C Standard Library

C <fenv.h> - FE_INVALID



The FE_INVALID macro expands to a value of type integer constant expression that is distinct powers of 2, which uniquely identifies the floating-point exception raised on invalid arguments.

Invalid argument exceptions are raised when the argument passed to a function is out of its domain (function is not defined for that value), for example - sqrt(-1.0).
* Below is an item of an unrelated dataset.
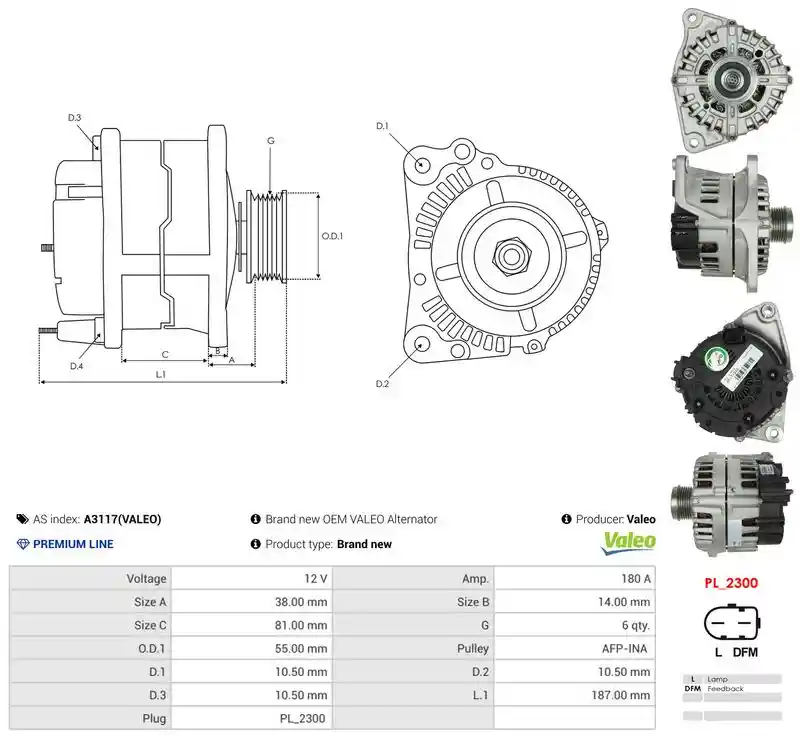 AS-PL A3117(VALEO)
The value returned by a function that raises this exception is unspecified.

Definition in the <fenv.h> header file is:

#define FE_INVALID  /*implementation defined power of 2*/  

The details about all floating-point exception macros are listed below:

MacrosDescription
FE_DIVBYZERO Pole error exception occurred in an earlier floating-point operation.
FE_INEXACT Inexact result exception occurred in an earlier floating-point operation (rounding was necessary to store the result).
FE_INVALID Invalid argument exception occurred (domain error occurred) in an earlier floating-point operation.
FE_OVERFLOW Overflow range error exception occurred in an earlier floating-point operation (result was too large to be representable).
FE_UNDERFLOW Underflow range error exception occurred in an earlier floating-point operation (result was subnormal with a loss of precision).
FE_ALL_EXCEPT Bitwise OR of all supported floating-point exceptions.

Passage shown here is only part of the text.